New Zealand family violence prevention advocate

Roma Cherry Balzer (born 1954) is a New Zealand family violence prevention advocate. She has worked in family violence prevention for more than forty years. In 2005 Balzer was appointed a Companion of the Queen’s Service Order for her services to families and the community. In 2019 she was appointed a Companion of the New Zealand Order of Merit for services to services to family violence prevention.

==Early life and education==

Balzer is Māori and affiliates to Ngāti Ranginui, Ngāi Te Rangi, Raukawa and Te Aroha iwi. She was born in 1954 in Rotorua, and attended Rotorua Girls' High School. Balzer worked at Tokanui Hospital, teaching disabled children, for two years. She moved around for several years, and during time spent in Hamilton joined the Women's Health Collective, and attended evening classes on women in politics. Returning to Rotorua as a solo parent with three children, Balzer began working in paid and volunteer roles in community support. Balzer was involved in the protests again the 1981 Springbok tour and was arrested at Bastion Point.

Balzer has worked in family violence prevention for more than forty years. Balzer joined the steering group of the Rotorua Women's Refuge, and then represented Rotorua on the executive of the National Women's Refuge. In 1986 she became the first Māori National Co-ordinator of Women Refuges. Balzer worked with the Ministry of Social Development to develop a residential programme for children in Hamilton in the youth justice system, and with Oranga Tamariki to establish a home for children in state care with complex needs. Balzer founded the Silent Witness Project to identify people killed due to family violence.

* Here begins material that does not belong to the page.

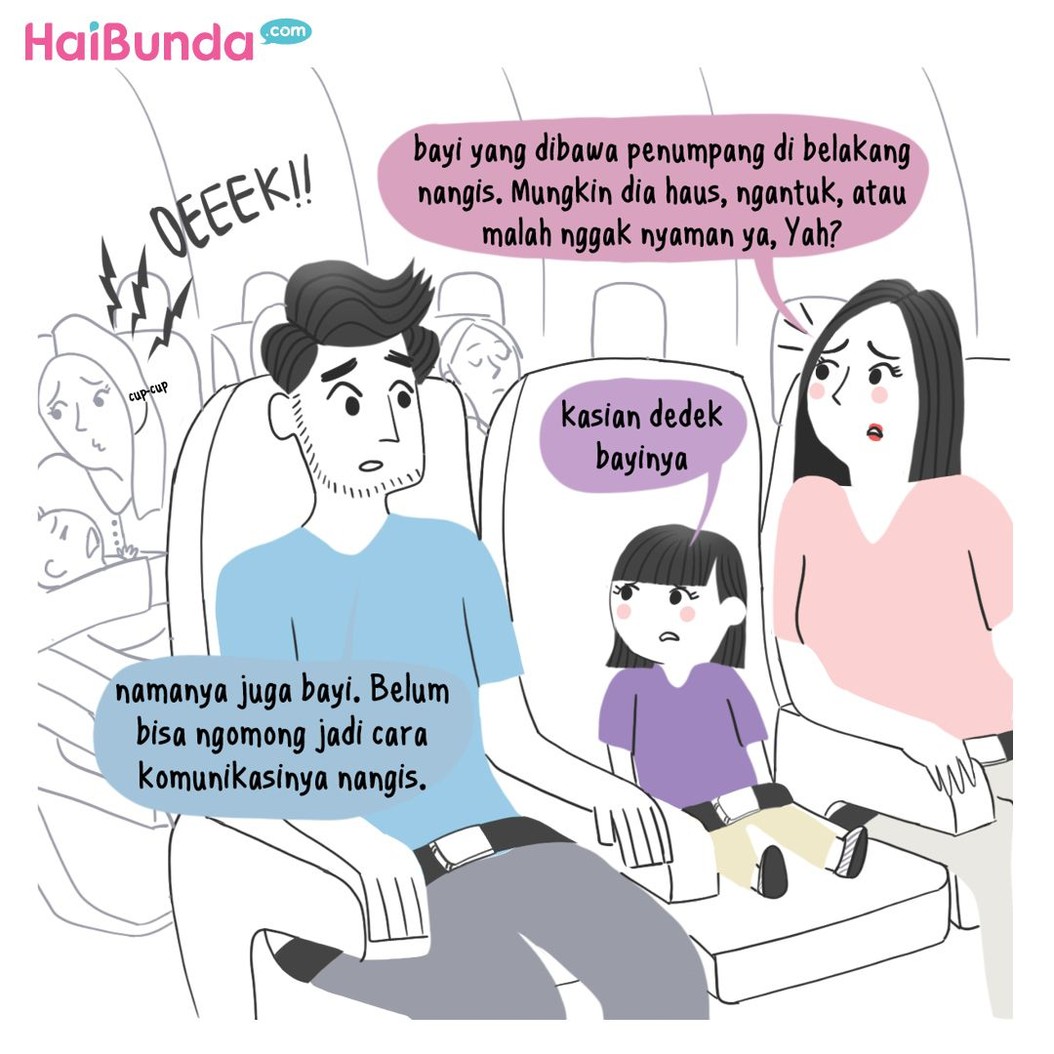 Ini pengalaman Bunda sekeluarga saat naik pesawat bareng penumpang yang membawa bayi. Kalau Bunda dan keluarga, punya pengalaman apa?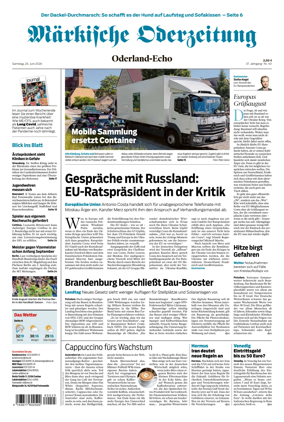 Cover of Markische Oderzeitung Oderland-Echo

Balzer was a trustee for Te Runanga o Kirikiriroa for twenty years, standing down in 2017. She is on the governance board of Reclaim Another Woman, an organisation that works to support women and end intergenerational offending.

== Honours and awards ==
In the 2005 Queen's Birthday Honours Balzer was appointed a Companion of the Queen’s Service Order for her services to families and the community. In the 2019 Queen's Birthday Honours she was appointed a Companion of the New Zealand Order of Merit for services to services to family violence prevention.